Crawled caption data:
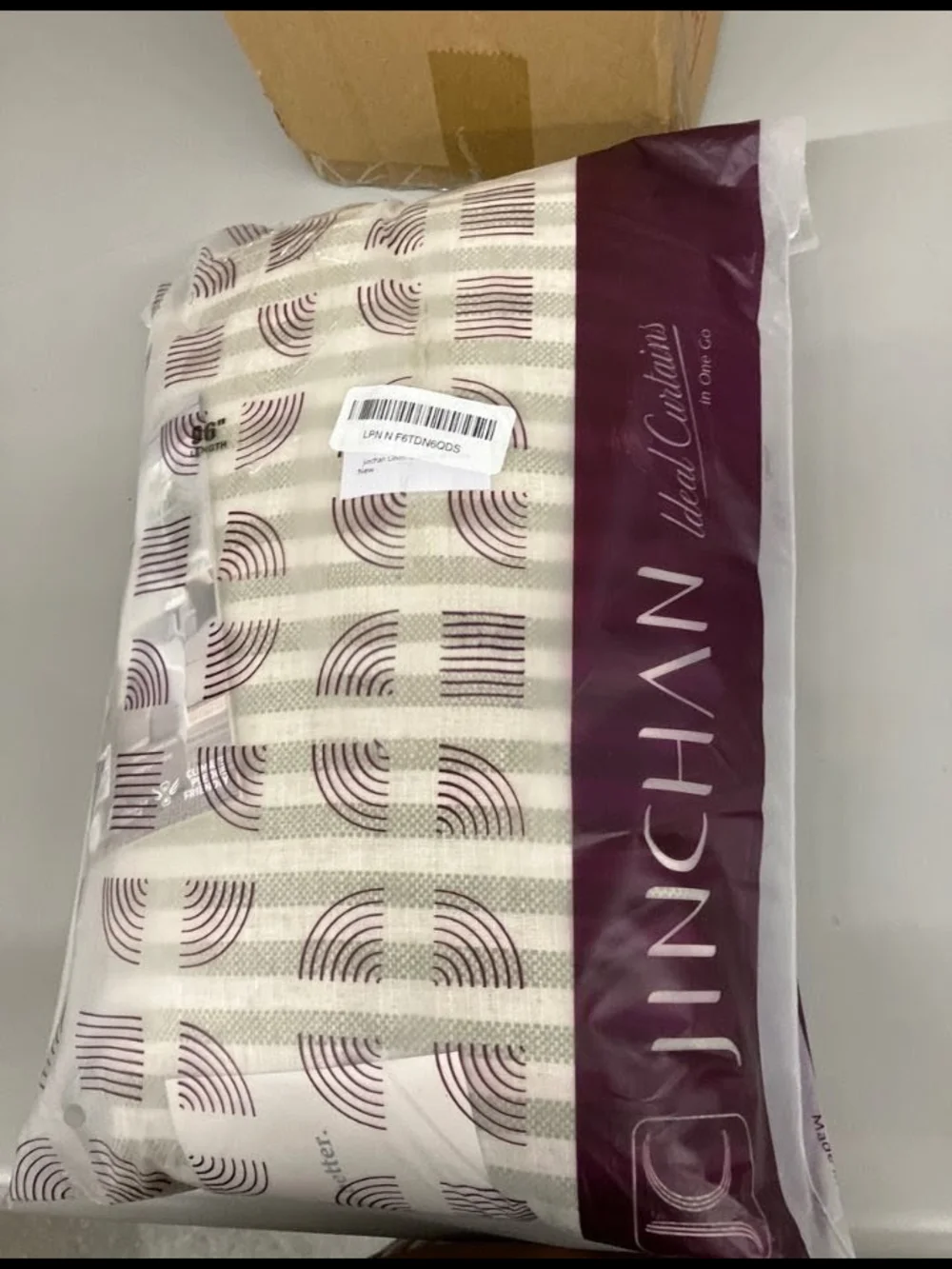 jinchan Linen Curtains 96 inch Sage Green Stripe on Beige Grommet 2 Panels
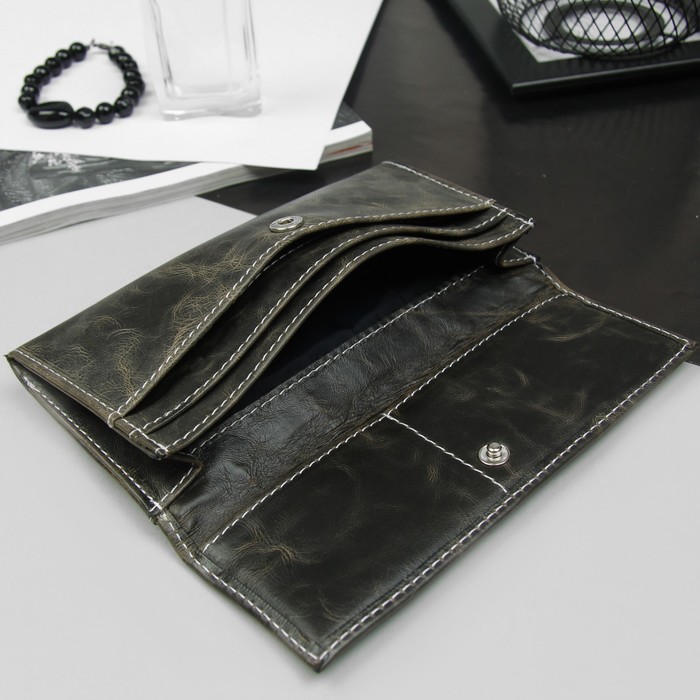 Кошелёк женский, 3 отдела, для карт, для монет, пулл-ап трюфель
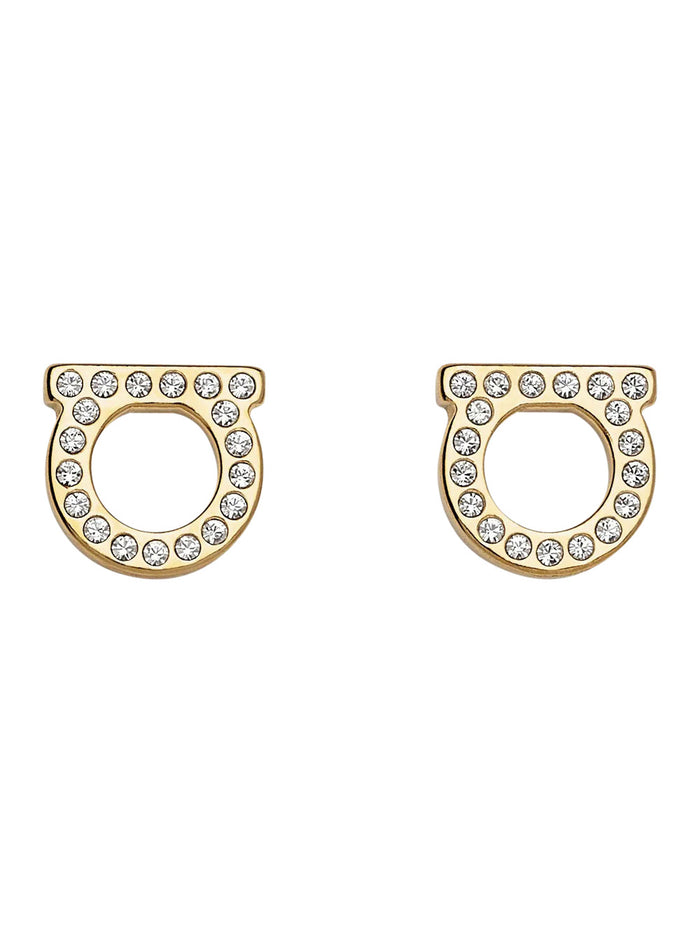 Stud Stra 8d Metallic Brass Glass Earrings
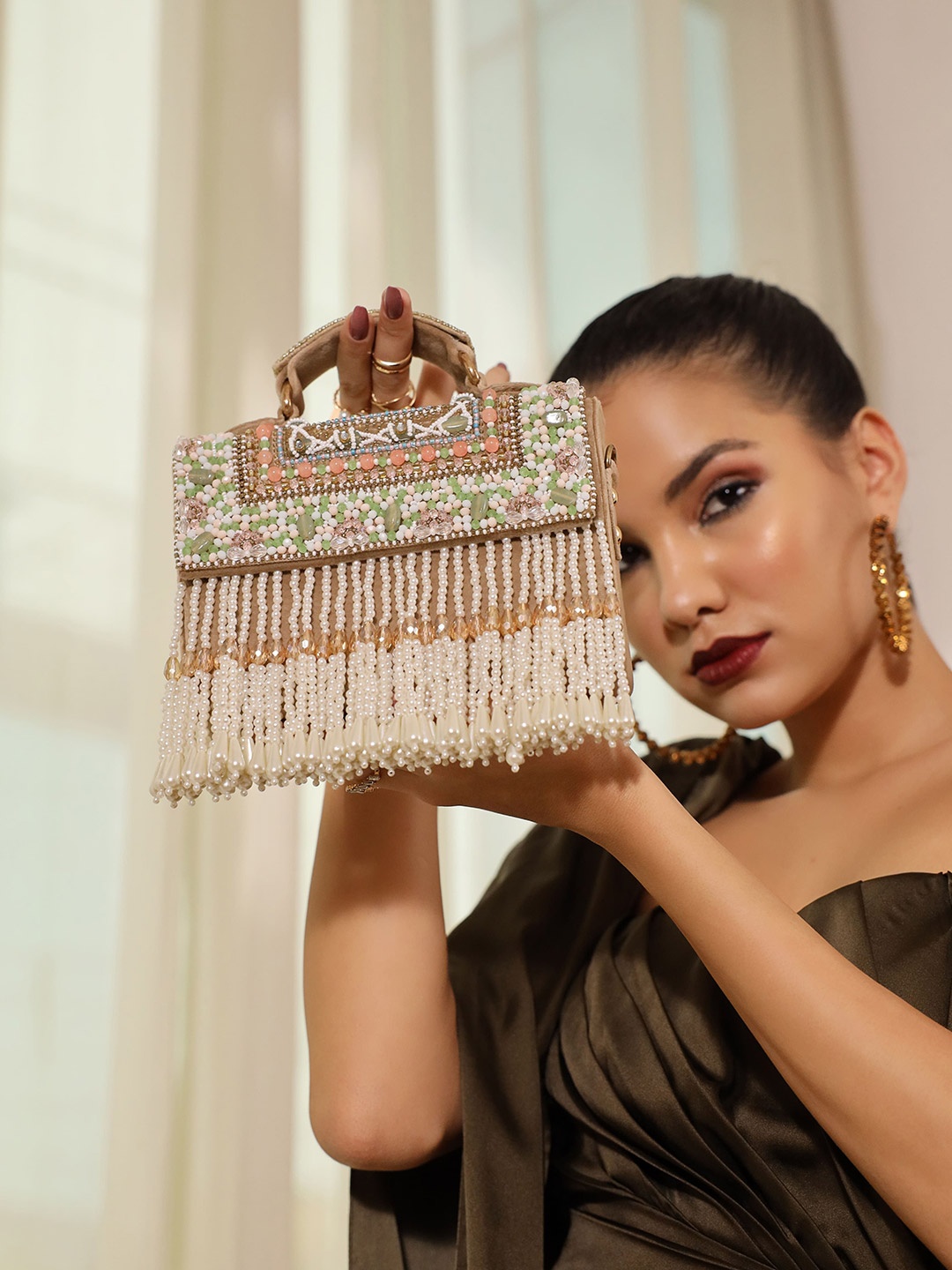 

THE TAN CLAN Women Kiara Embellished Miniature Satchel Bag, Beige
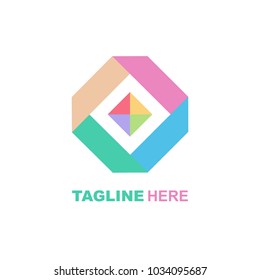 Trapesium Flat Colorful Logo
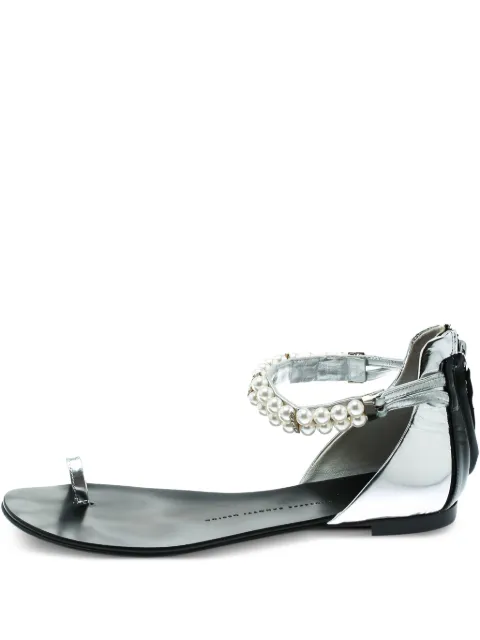Giuseppe Zanotti Vintage leather flat sandals Grey 178916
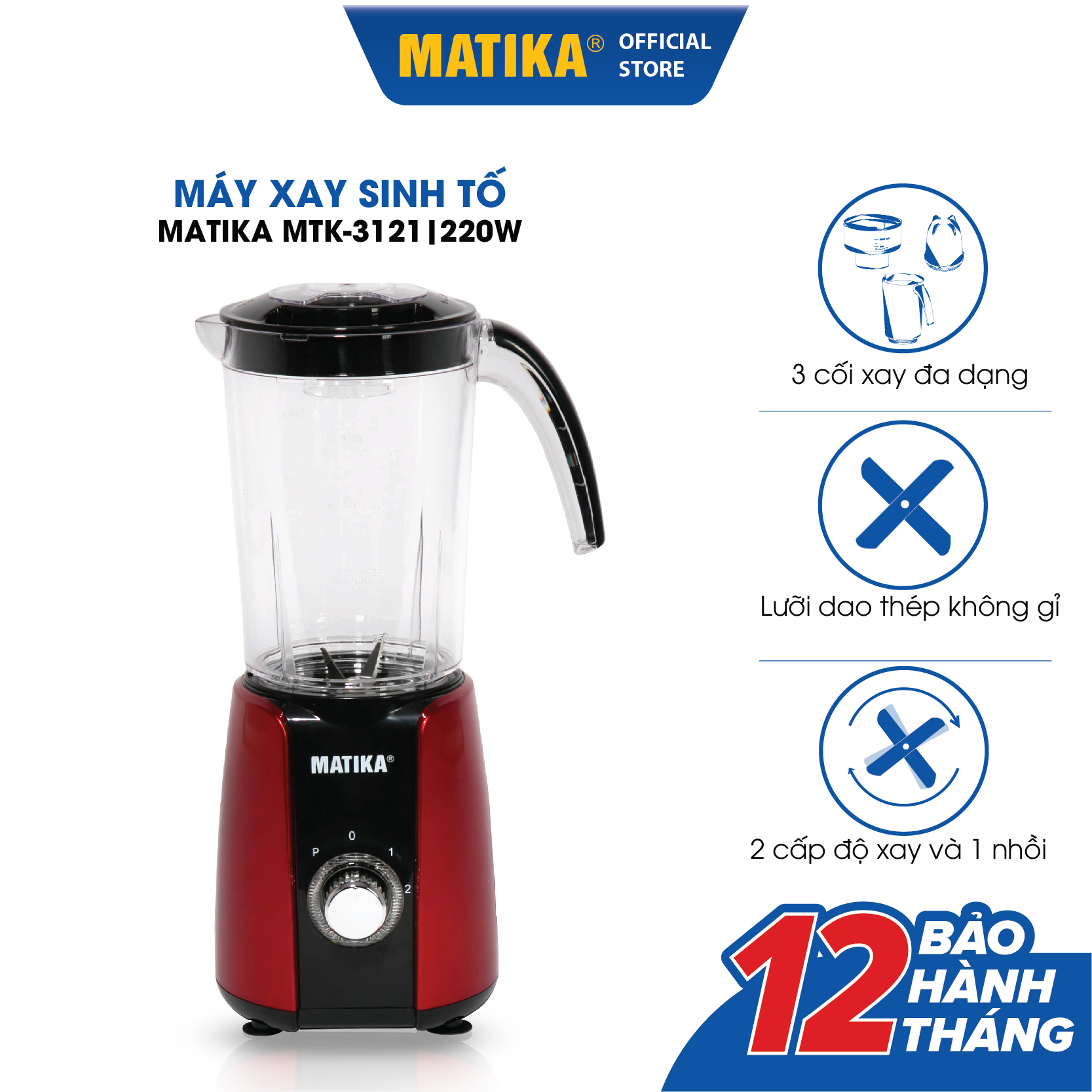 Máy Xay Sinh Tố Đa Năng MATIKA 3 Cối MTK-3121, Hàng Chính Hãng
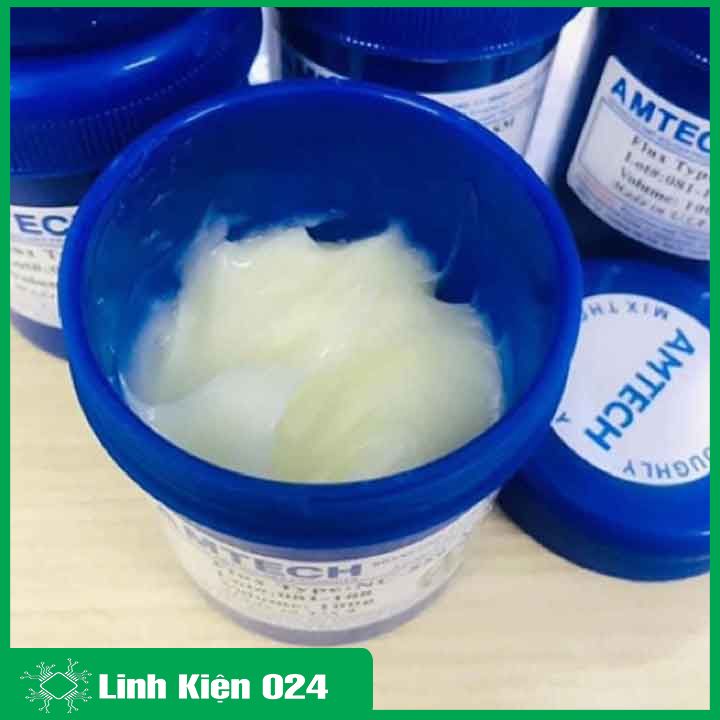 Mỡ hàn Amtech NC-559-ASM mỡ trắng lọ màu xanh cao cấp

> _Assignment_: Reproduce exactly the entries from their first line through the line containing "Trapesium Flat Colorful Logo", including both, and omit any pictures.

> _The completed task_:
 jinchan Linen Curtains 96 inch Sage Green Stripe on Beige Grommet 2 Panels
 Кошелёк женский, 3 отдела, для карт, для монет, пулл-ап трюфель
 Stud Stra 8d Metallic Brass Glass Earrings

THE TAN CLAN Women Kiara Embellished Miniature Satchel Bag, Beige
 Trapesium Flat Colorful Logo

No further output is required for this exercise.